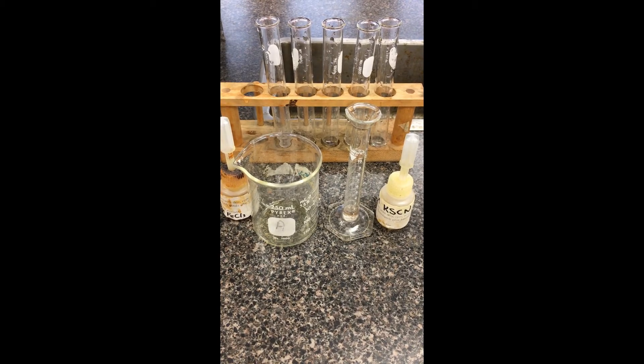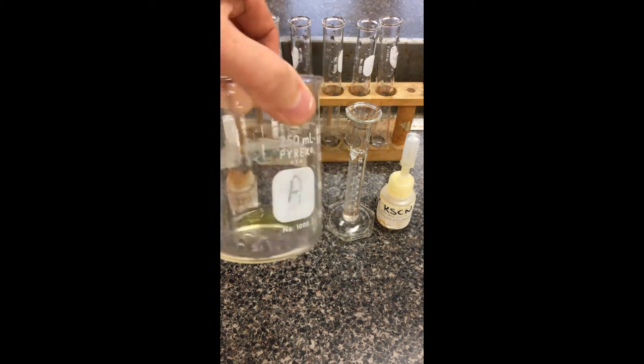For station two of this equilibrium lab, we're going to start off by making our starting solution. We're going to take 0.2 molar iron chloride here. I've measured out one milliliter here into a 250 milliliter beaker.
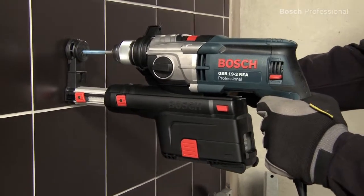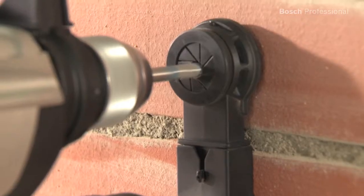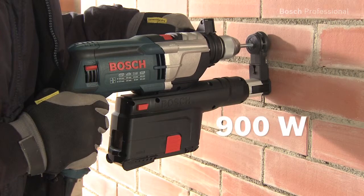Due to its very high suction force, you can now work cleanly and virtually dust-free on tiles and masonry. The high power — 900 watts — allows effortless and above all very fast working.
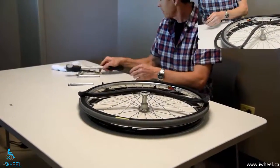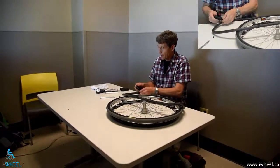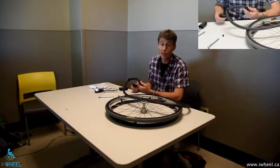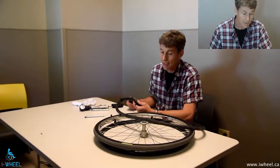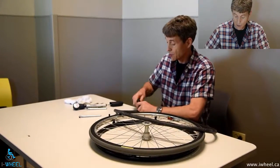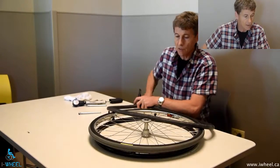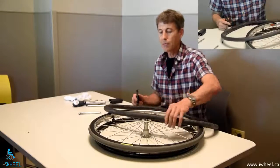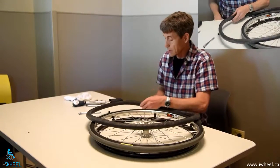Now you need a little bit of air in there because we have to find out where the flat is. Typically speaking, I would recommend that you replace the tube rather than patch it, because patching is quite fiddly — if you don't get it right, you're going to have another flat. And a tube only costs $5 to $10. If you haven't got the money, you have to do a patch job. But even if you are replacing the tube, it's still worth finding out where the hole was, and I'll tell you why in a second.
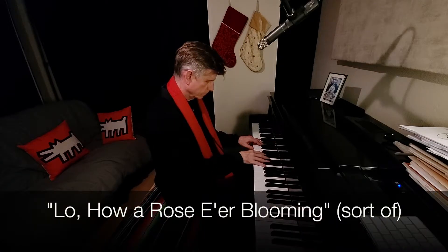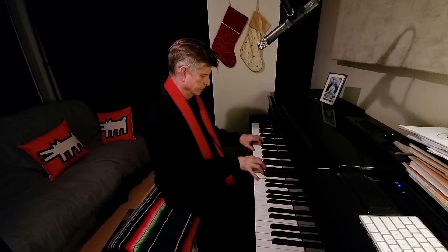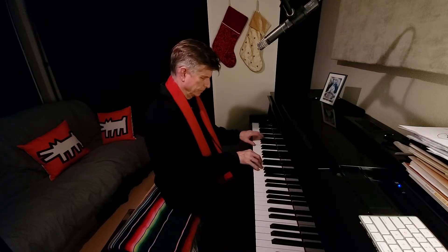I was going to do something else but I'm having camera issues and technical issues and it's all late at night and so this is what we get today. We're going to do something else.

--

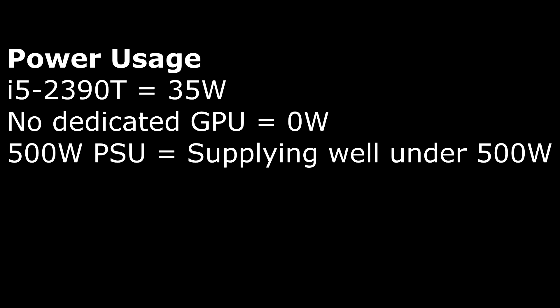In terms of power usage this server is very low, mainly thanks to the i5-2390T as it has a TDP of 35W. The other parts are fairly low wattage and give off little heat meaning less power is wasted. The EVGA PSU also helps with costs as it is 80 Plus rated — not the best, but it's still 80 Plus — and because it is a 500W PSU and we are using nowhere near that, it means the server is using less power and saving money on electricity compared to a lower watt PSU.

◆ **Work task**
With the pictures omitted, restate word for word the lines above from the line that has "For station two" up to and including the line that has "Now you need", and no other lines.

◆ **Your response**
For station two of this equilibrium lab, we're going to start off by making our starting solution. We're going to take 0.2 molar iron chloride here. I've measured out one milliliter here into a 250 milliliter beaker.
Due to its very high suction force, you can now work cleanly and virtually dust-free on tiles and masonry. The high power — 900 watts — allows effortless and above all very fast working.
Now you need a little bit of air in there because we have to find out where the flat is. Typically speaking, I would recommend that you replace the tube rather than patch it, because patching is quite fiddly — if you don't get it right, you're going to have another flat. And a tube only costs $5 to $10. If you haven't got the money, you have to do a patch job. But even if you are replacing the tube, it's still worth finding out where the hole was, and I'll tell you why in a second.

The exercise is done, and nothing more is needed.